An exact copy of every record below is needed, with the pictures left out.

Start of Task input

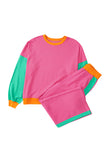 Color Block Patchwork Long Sleeve Top and Pants Set
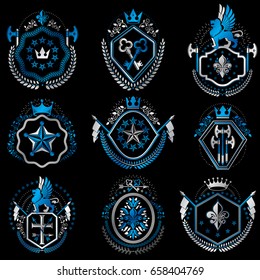 Set of old style heraldry vector emblems, vintage illustrations decorated with monarch accessories, towers, pentagonal stars, weapon and armory. Coat of Arms collection.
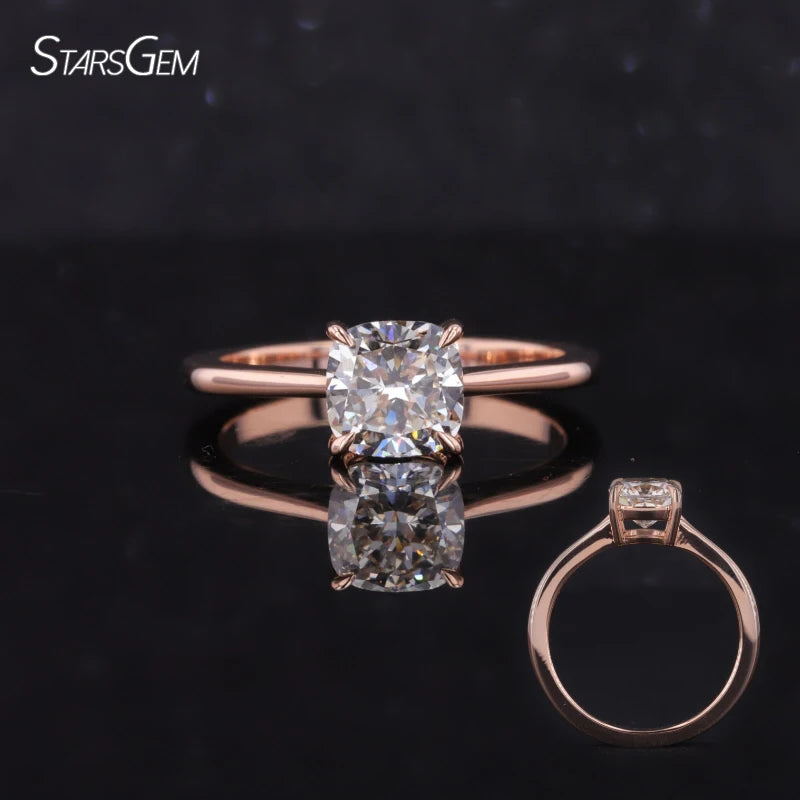Starsgem Custom IGI Certified Jewelry 18k Rose Gold Cushion Cut Lab Grown Diamond Ring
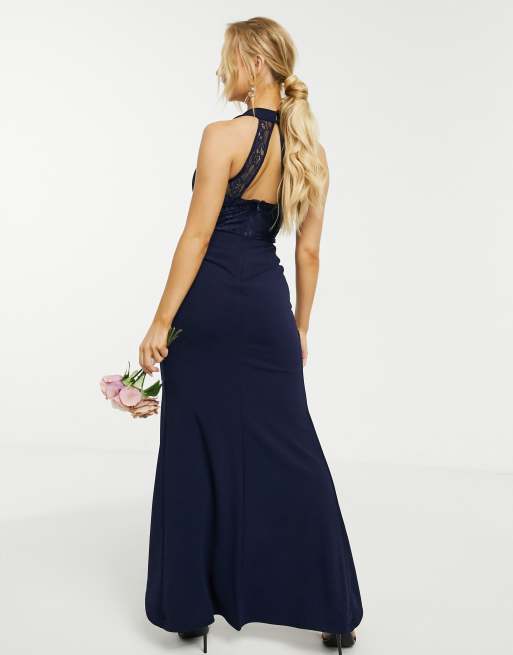 ​​​​​​​Lipsy - Robe portefeuille longue de demoiselle d'honneur - Bleu marine, 2 de 4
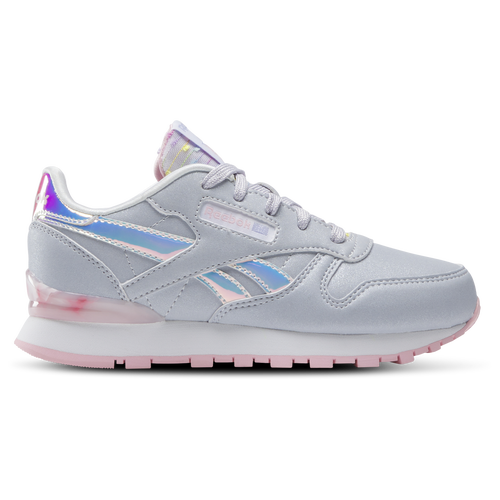 

Reebok Girls Reebok Classic Leather Step N Flash - Girls' Preschool Running Shoes Grey/Pink Size 2.0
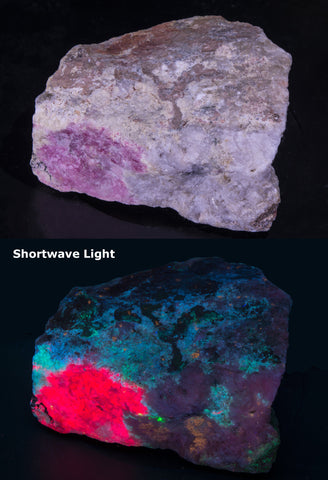 tugtupite, chkalovite, beryllite under shortwave uv light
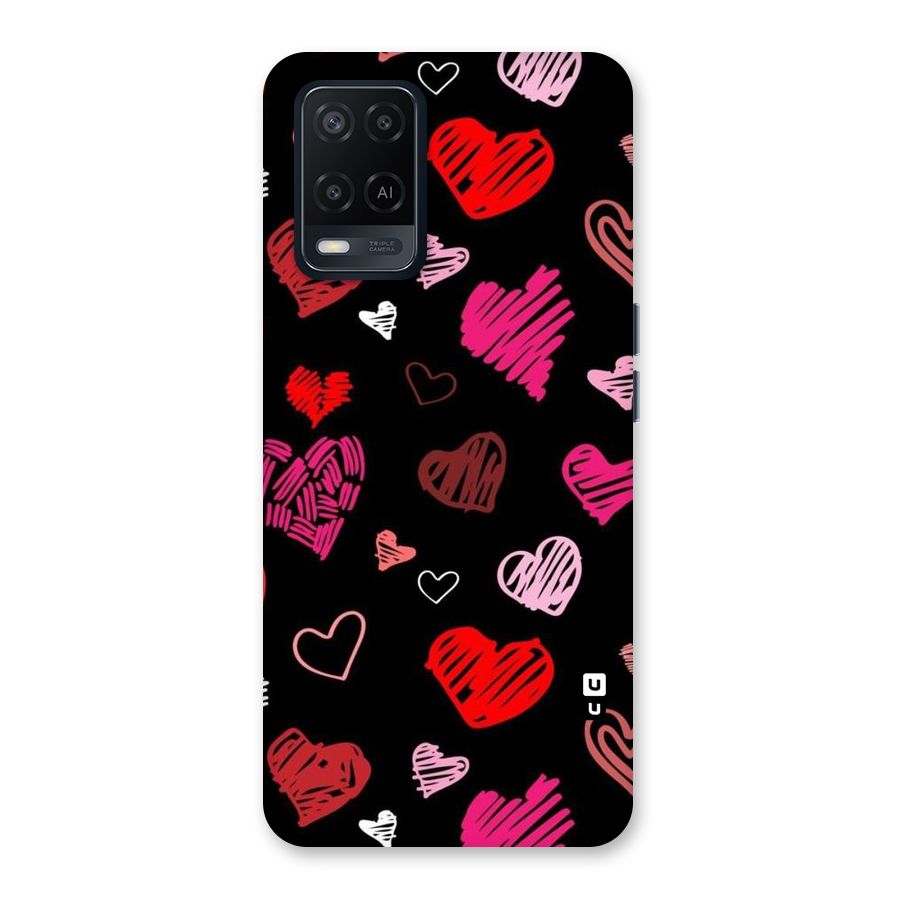 Hearts Art Pattern Back Case for Oppo A54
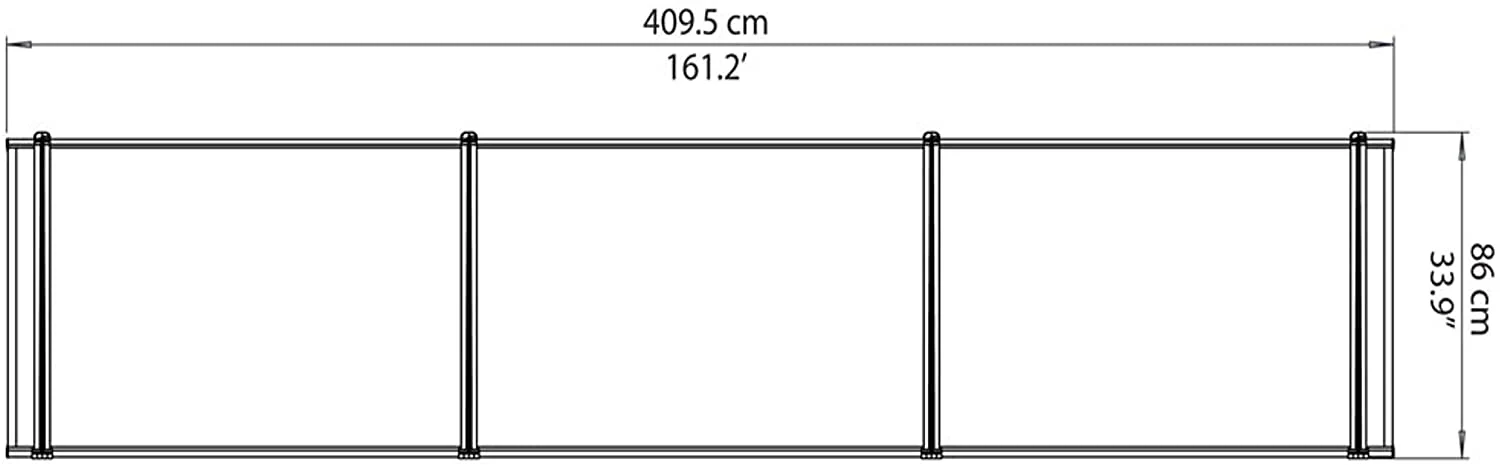 Neo 4m x 0.9m Door Canopy - Grey Frame & Twinwall Polycarbonate - Image 5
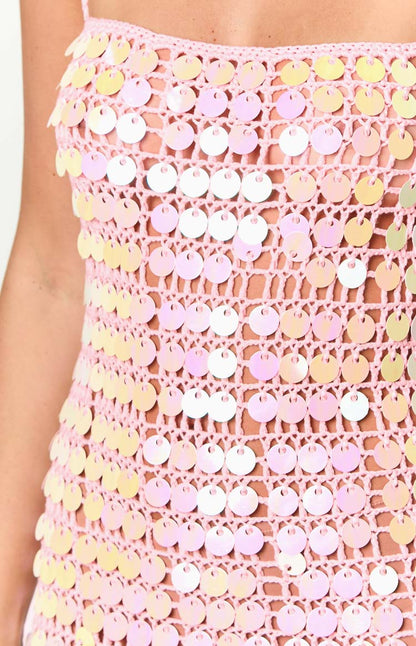 Glance Pink Sequin Strapless Maxi Dress
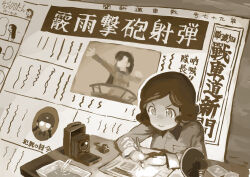 1girl asymmetrical_bangs bellows_camera black_hair braid camera chi-hatan_military_uniform desk desk_lamp fukuda_haru girls_und_panzer helmet highres indoors inkwell lamp monochrome newspaper nib_pen_(object) nishi_kinuyo pen photo_(object) round_eyewear short_hair sitting solo teramoto_tomiko twin_braids vanilla_(nekomist) writing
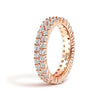 Double Rows Round Cut Eternity Wedding Band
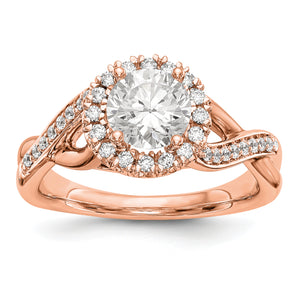 14K Rose Gold Round Diamond Semi-Mount Halo Engagement Ring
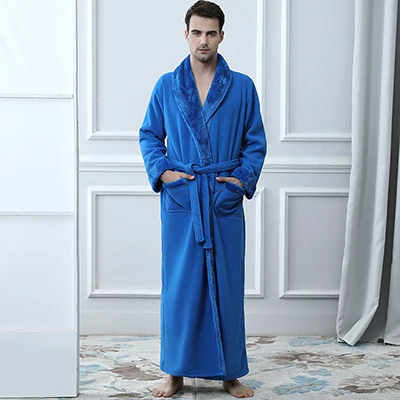 Men Fur Dark Blue Зимний удлиненный теплый фланелевый банный халат для мужчин и женщин, роскошный Теплый банный халат, мягкий халат, мужские халаты - Цвет: Men Fur Dark Blue
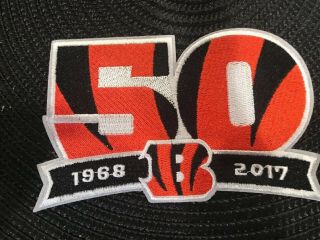 Cincinnati Bengals Vintage Embroidered Iron On Patch 5” X 3.  5 “ 50th Anniversary 2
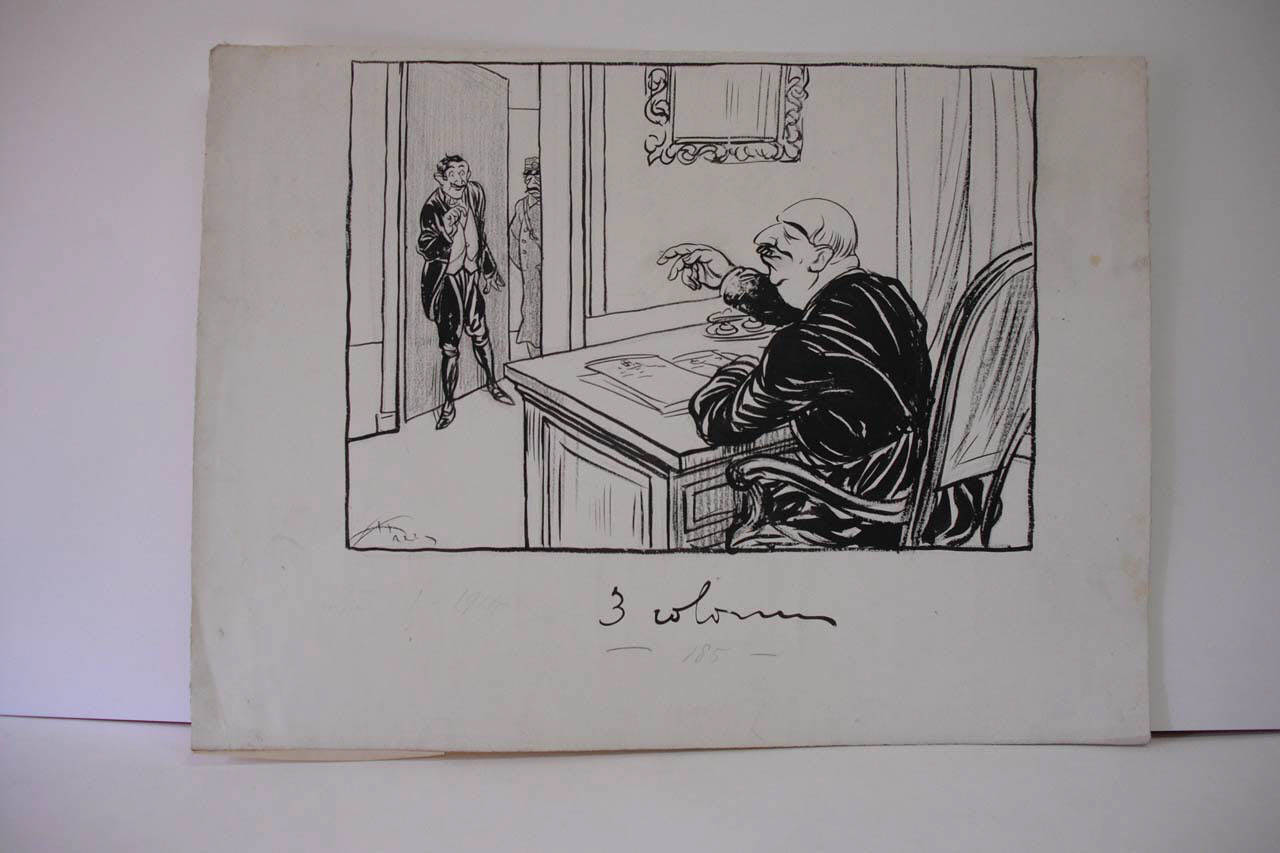 A PALAZZO MARINO - Una visita prevista. (disegno) di Mazza, Aldo (1914/01/25 - )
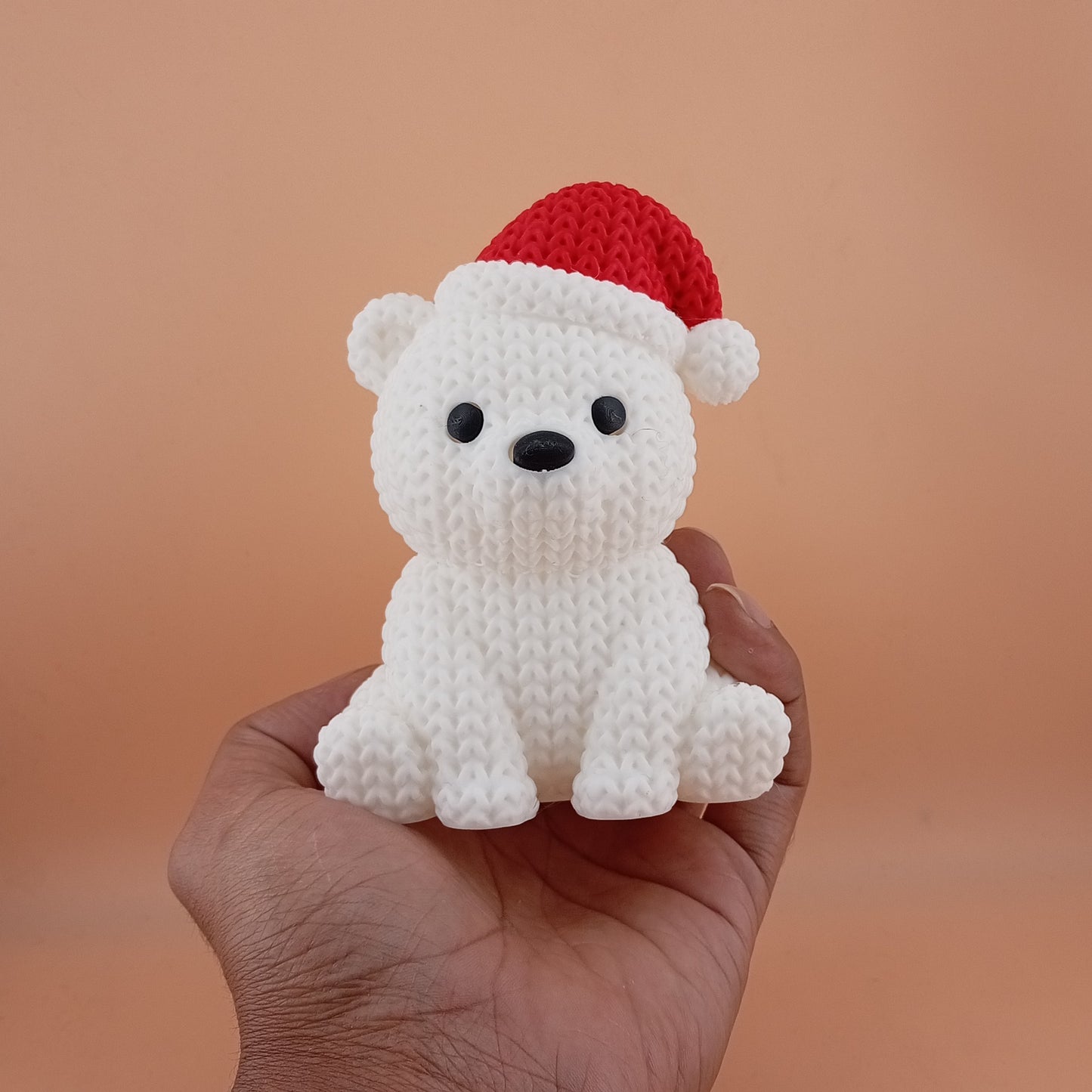 Knitted Polar Bear with Santa Hat - Christmas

End of Task input

> Answer to the problem
 Color Block Patchwork Long Sleeve Top and Pants Set
 Set of old style heraldry vector emblems, vintage illustrations decorated with monarch accessories, towers, pentagonal stars, weapon and armory. Coat of Arms collection.
Starsgem Custom IGI Certified Jewelry 18k Rose Gold Cushion Cut Lab Grown Diamond Ring
 ​​​​​​​Lipsy - Robe portefeuille longue de demoiselle d'honneur - Bleu marine, 2 de 4

Reebok Girls Reebok Classic Leather Step N Flash - Girls' Preschool Running Shoes Grey/Pink Size 2.0
 tugtupite, chkalovite, beryllite under shortwave uv light
 Hearts Art Pattern Back Case for Oppo A54
 Neo 4m x 0.9m Door Canopy - Grey Frame & Twinwall Polycarbonate - Image 5
 Glance Pink Sequin Strapless Maxi Dress
 1girl asymmetrical_bangs bellows_camera black_hair braid camera chi-hatan_military_uniform desk desk_lamp fukuda_haru girls_und_panzer helmet highres indoors inkwell lamp monochrome newspaper nib_pen_(object) nishi_kinuyo pen photo_(object) round_eyewear short_hair sitting solo teramoto_tomiko twin_braids vanilla_(nekomist) writing
 Double Rows Round Cut Eternity Wedding Band
 14K Rose Gold Round Diamond Semi-Mount Halo Engagement Ring
 Men Fur Dark Blue Зимний удлиненный теплый фланелевый банный халат для мужчин и женщин, роскошный Теплый банный халат, мягкий халат, мужские халаты - Цвет: Men Fur Dark Blue
 Cincinnati Bengals Vintage Embroidered Iron On Patch 5” X 3.  5 “ 50th Anniversary 2
 A PALAZZO MARINO - Una visita prevista. (disegno) di Mazza, Aldo (1914/01/25 - )
 Knitted Polar Bear with Santa Hat - Christmas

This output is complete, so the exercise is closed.